To solve this question we have to know about molarity and molality of the substance. These are the two ways of expressing the concentration of the solution. Thus after knowing their formulas we will substitute the values and find the required answer.
$molarity = \dfrac{{moles\;of\;solute\left( {mol} \right)}}{{volume\;of\;solution\left( L \right)}}$
And, $molality = \dfrac{{moles\;of\;solute\left( {mol} \right)}}{{mass\;of\;solvent\left( {kg} \right)}}$ .

Complete answer:
Molarity which is alternatively known as Molar concentration is the measure of concentration of the chemical substance, which is the amount of a compound in a certain volume of solution. It is also defined as the amount of solute in moles present per litres of solution.
$molarity = \dfrac{{moles\;of\;solute\left( {mol} \right)}}{{volume\;of\;solution\left( L \right)}}$
Thus to get an answer, we will first take $1mL$ volume whose mass is $1.18g$ and then find the moles of solute which is:
$molarity = \dfrac{{\dfrac{{1.18gm{L^{ - 1}} \times 1mL}}{{36.46gmo{l^{ - 1}}}} \times 36\% }}{{1mL \times {{10}^{ - 3}}Lm{L^{ - 1}}}}$
$\Rightarrow 11.65\;mol{L^{ - 1}}$
But this is slightly more concentrated than the conc. Hydrochloric we use in the lab which is:
$\left[ {HCl} \right] = 10.6\;mol{L^{ - 1}}$
Molality which is alternatively known as Molal concentration is the measure of concentration of the chemical substance, which is the amount of the compound in a certain mass of solvent.
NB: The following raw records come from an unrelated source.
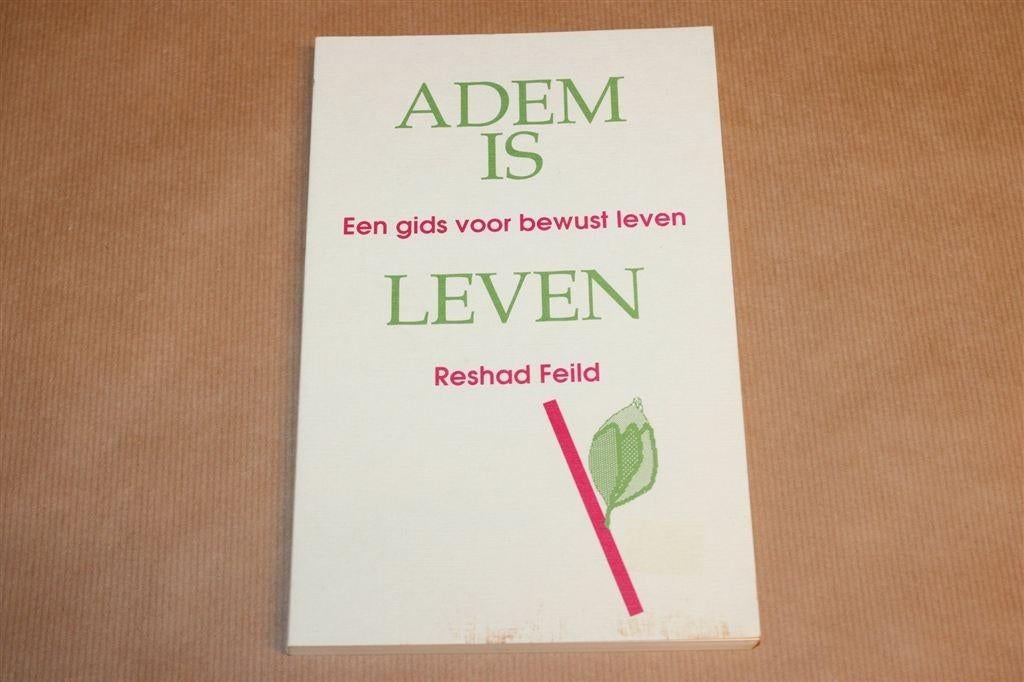 Adem is Leven — Ademhaling & Soefi Mystiek — Feild 1990, Boeken, Ophalen of Verzenden, Gelezen, Overige onderwerpen, Achtergrond en Informatie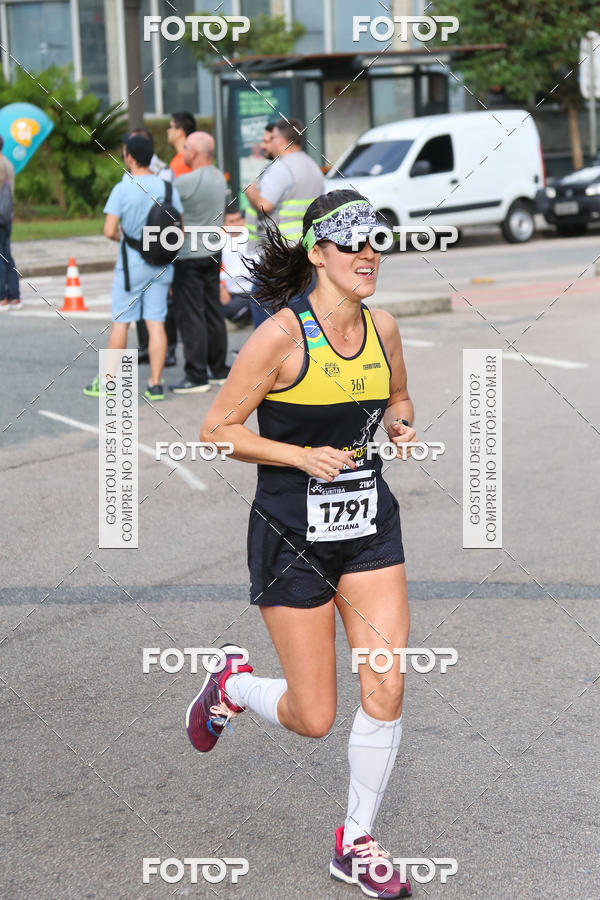 Buy your photos of the eventMeia Maratona Internacional de Curitiba 2018 on Fotop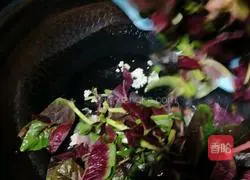 Illustration of how to make garlic amaranth 6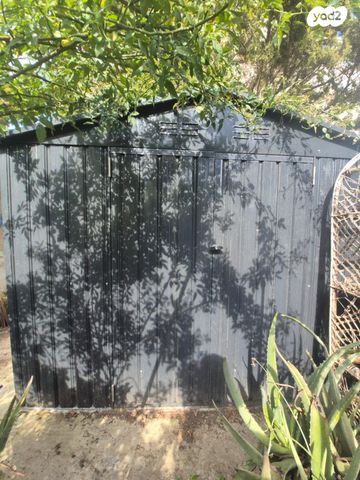 מחסן מתכת  GARDEN TOP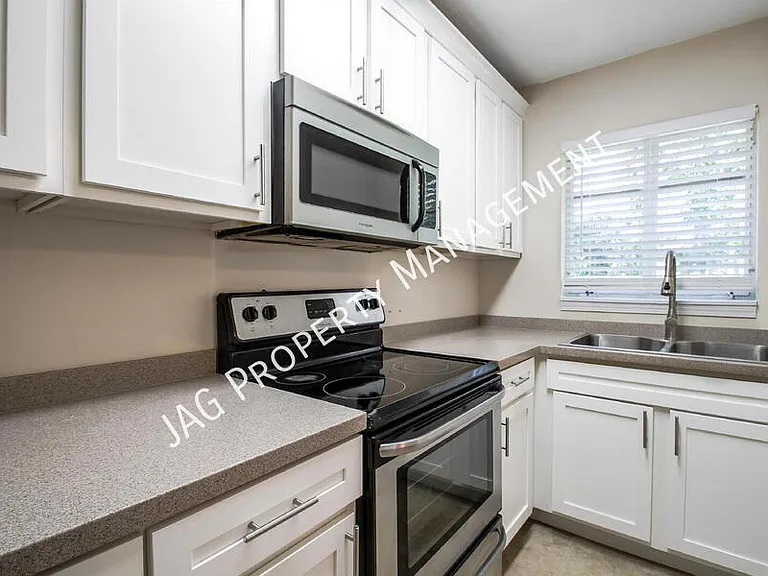 2761 Saint Johns Ave #7 — Photo 2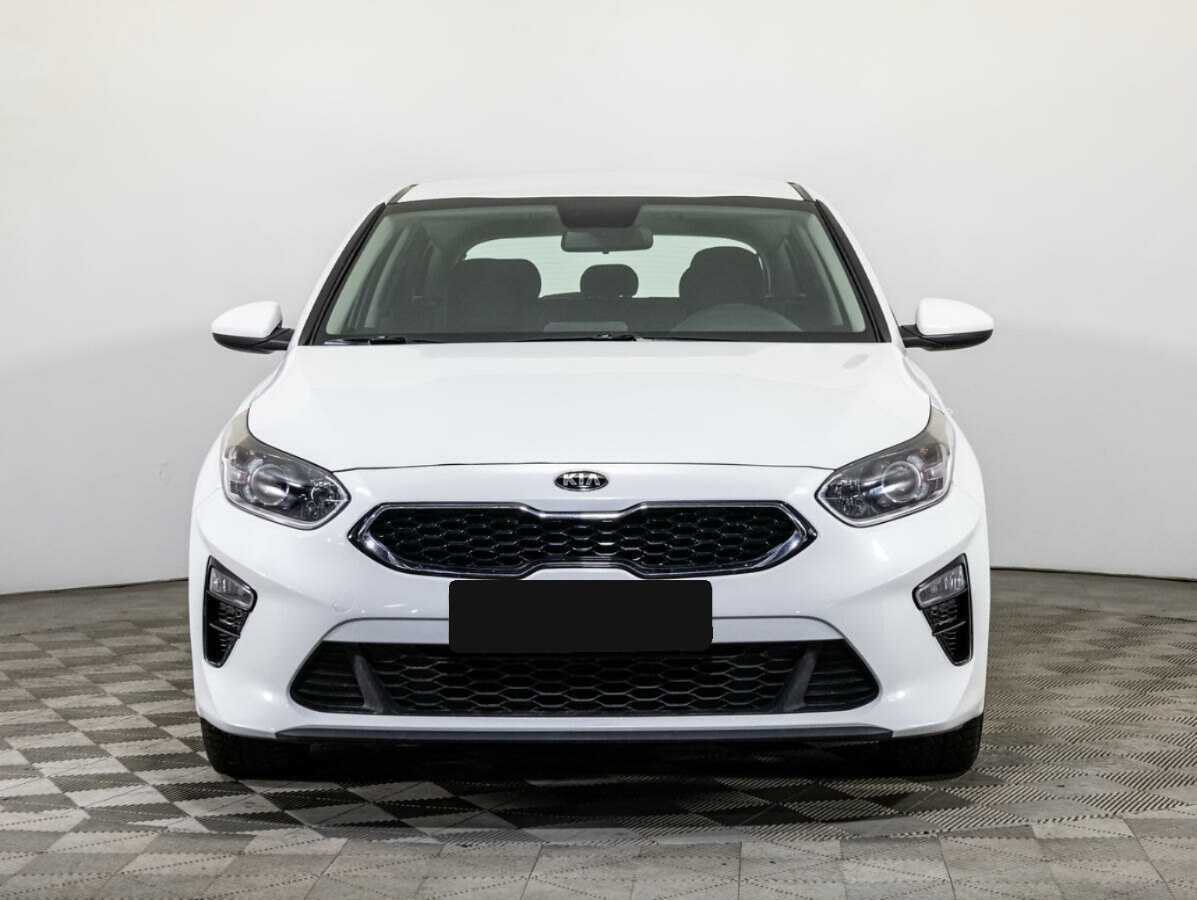 Kia Ceed 2019 года с пробегом. Фото: #1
It can also be defined as the amount of solute in moles present per kilogram of the solvent.
$molality = \dfrac{{moles\;of\;solute\left( {mol} \right)}}{{mass\;of\;solvent\left( {kg} \right)}}$
Again for the answer we will take $1mL$ volume whose mass is $1.18g$ which is $0.425g$ with respect to the acid and $0.7552g$ with respect to water solvent. So,
$molality = \dfrac{{\dfrac{{0.425g}}{{36.46gmo{l^{ - 1}}}}}}{{0.7552g \times {{10}^{ - 1}}kg\;{g^{ - 1}}}}$
$\Rightarrow 15.4\;mol\;k{g^{ - 1}}$

Note:
Both molarity and molality are used to express the concentration of the solution. But the molarity of substance depends upon temperature whereas the molality of the substance does not depend upon temperature.